Probably the most important indication of the connection of the Rosary to the Mass is found in this reference:
About this time [October 1946] . . . whenever I was attending Holy Hour . . . and the priest and people would start the Rosary, I would find myself kneeling next to our Blessed Mother. She would place her hand over mine. I would hear her voice, sweet, rich. I would kneel unable to move as she told me the story of each mystery and at the same time I would live each moment. Mary often told me to live her Rosary.
Our Lady declared, ‘To all who come to me I will tell the story of my Rosary — the story of the Mass — the life, death, and resurrection of Jesus.’
Jesus himself told her to “Meditate on Me in the Rosary and praise Me in the Mass.” The final words of the Eucharistic Consecration are “Do this in memory of Me.” The profounder our Rosary meditation, the more heartfelt our memory of him, as well as the awe and thanksgiving that Pope St. John Paul II said should pervade all participating in the Mass.
Let us recall that the Decadent Decade was also the decade without Mary, when the Rosary was degraded with other devotions, as was adoration of the Blessed Sacrament, because of the emphasis on the communal celebrations, especially by the erroneous reinterpretation of the Mass, leading to its gross misrepresentation and to severe loss of grace.
Our Lady expressed her deep concern about the state of the Mass, as given in In Sinu Jesu, dated September 15, 2011:
This, too, is the eighth sorrow of my Heart: that the Holy Sacrifice of the Mass is celebrated quickly, with little reverence, with no thanksgiving, and with all the attention given, not to my Son, the Lamb, but rather to the human presence of His minister, who, by calling attention to himself, takes from God what belongs rightly to God alone: the loving attention of every heart during the Holy Mysteries.
If our Lord and our Lady expressed their displeasure at the state of our Eucharistic worship in such an extraordinary manner, how too must it disturb God the Father, who mercifully gives us his Son in this sacrificial banquet of the New Covenant. In his approved messages to Mother Eugenia Ravasio, recorded in The Father Speaks to His Children, he stated: “I ask everyone to take part in the Holy Mass according to the liturgy: this pleases me greatly.” The restoration of the Mass as our Lord formed it at the Last Supper is of crucial importance to the eternal life of each member of the Church.
It is appropriate, therefore, to recall the description of St.
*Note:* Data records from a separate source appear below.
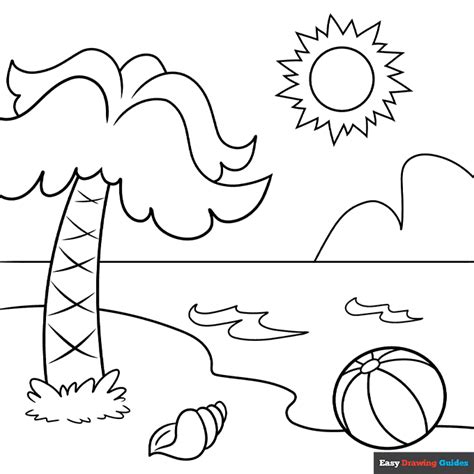 Cartoon Beach Coloring Page | Easy Drawing Guides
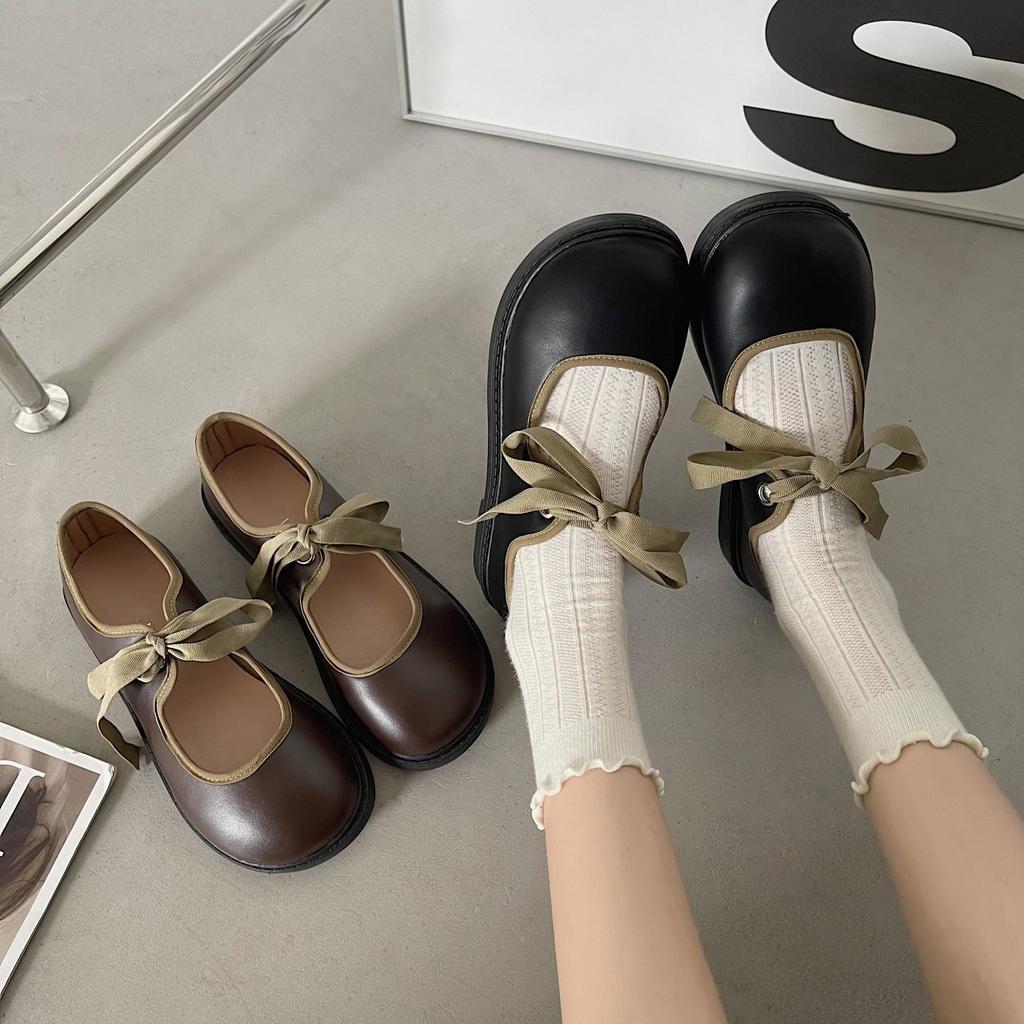 Popular Brown Round Head Lace-up Flat Jk Single Shoes Mary Jane Single Shoes 2025 New Japanese High-end Small Leather Shoes Women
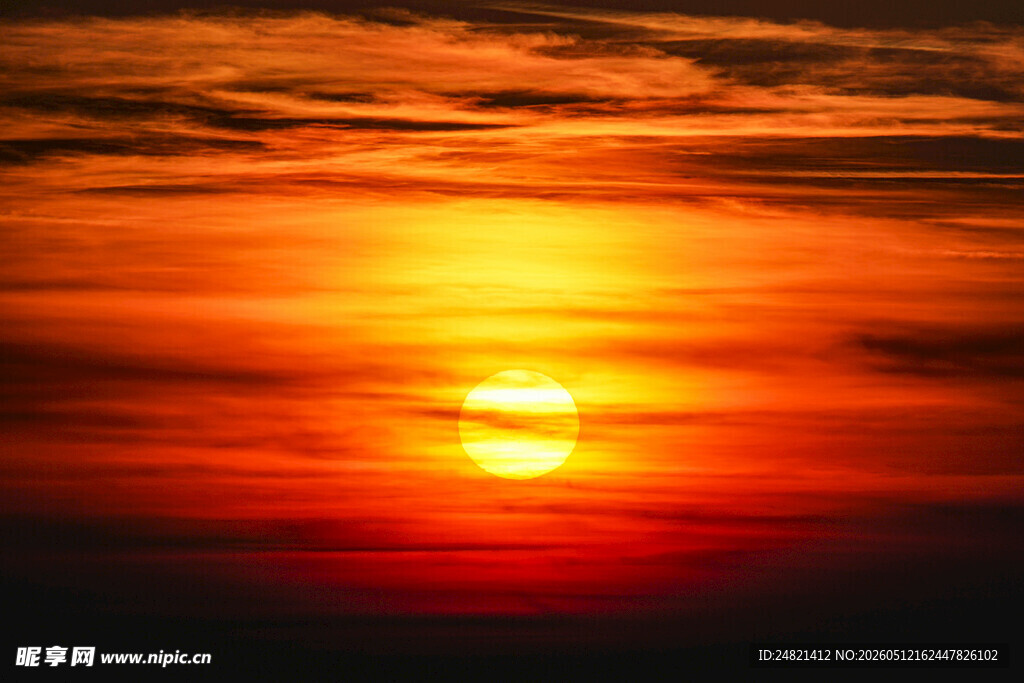 壮丽夕阳西下美景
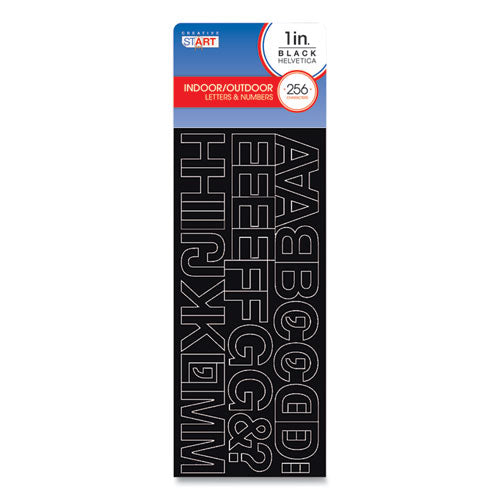 Letters, Numbers and Symbols, Adhesive, Black with White Outline, 1"h ,256 Characters-(MKG098135)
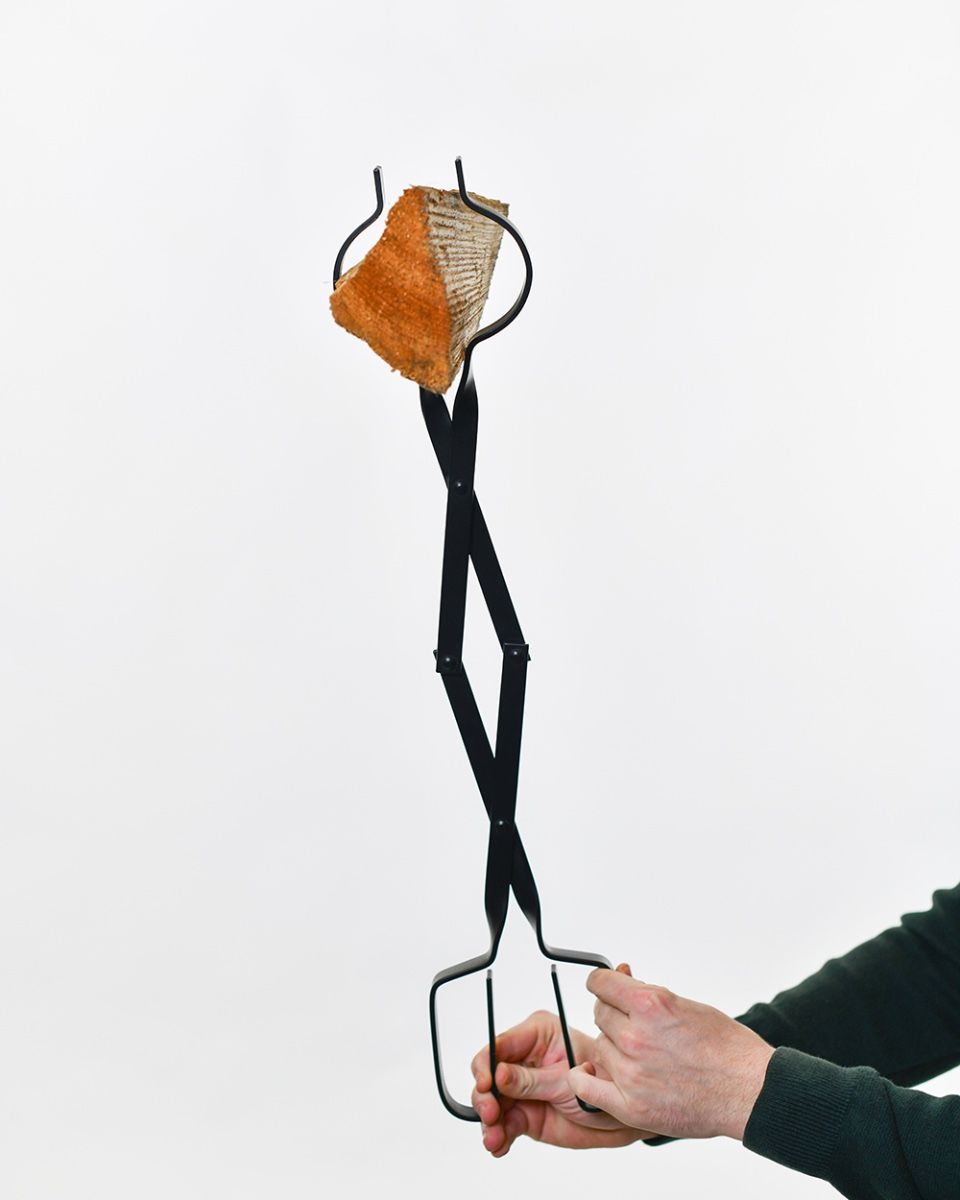 "Juniper" Fireplace Tongs To Scale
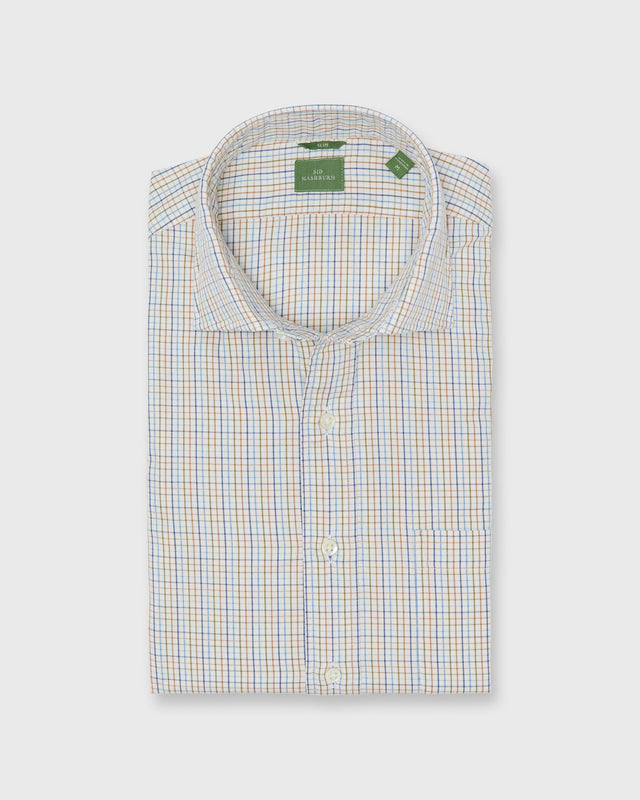 Slim-Fit Spread Collar Sport Shirt in Olive/Ochre/Blue Tattersall Twill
John Paul II at Mass given by one of his secretaries:
It is well known that the celebration of the Eucharist was the focal point of every day. . . . He prepared each time with meditation and prayer. He celebrated with great interior involvement. He was always recollected, as though immersed in the mystery of Christ’s Passion. Nevertheless, in his way of performing the ceremonies, he always displayed great peace and serenity, because — as he used to say — the Eucharist is also the commemoration of the Lord’s Resurrection. (Stories About Saint John Paul II, 95)
This explains and validates the contemporary prophetic Eucharistic messages and missions of St. Faustina Kowalska, Apostle of Divine Mercy, and of Dorothy O’Neill Weimar, the Star of Mary, Woman of the Eucharist.
Thank you Fr. Smolenski
I was born in 1960, I observed the upheaval in the liturgy and in the pews as a child. My (CCD as it was then called) catechesis was almost non-existent until I met a devoted saintly priest who taught me the faith of my great-grandparents, and a great devotion to the Holy Sacrifice. Thank you for this article it is very instructive. I will study up on Dorothy O’Neill Weimar. I never heard of her
Sincerely
Christine
You can buy Fr. Stanley’s booklet here:
https://www.newhope-ky.org/product-page/dorothy-o-neill-weimar-3446
It’s currently on back order but will be available again soon.
Excellent article……so very necessary…….Abbot Vonier OSB said and I often quote. “The world’s salvation is The Eucharist”. Deo gratias.
+Praise be our Eucharistic Lord!
Dear Fr. Stanley,
And, that you ever-so- -much for the wondrously inspiring and much needed article for our times!
Thank you Fr. Stan for this wonderful article reminding us of the sacrificial nature of the Mass. It’s been maybe fifty years, at lest, that I’ve heard of the Mass being sacrificial. In my youth we used to refer to the Eucharistic celebration as the “Sacrifice of the Mass”. Living in South Carolina, my wife and i have visited the Shine of Our Lady of Joyful Hope in Kingstree on numerous occasions, with each occasion always being spiritually up lifting. I have fond memories of having luncheon with Fr. Stan after Mass and the many conversations we used to have regarding various aspects of our Catholic Faith. God Bless you Fr. Stan and thank you for the many blessings you bring to us through your ministry.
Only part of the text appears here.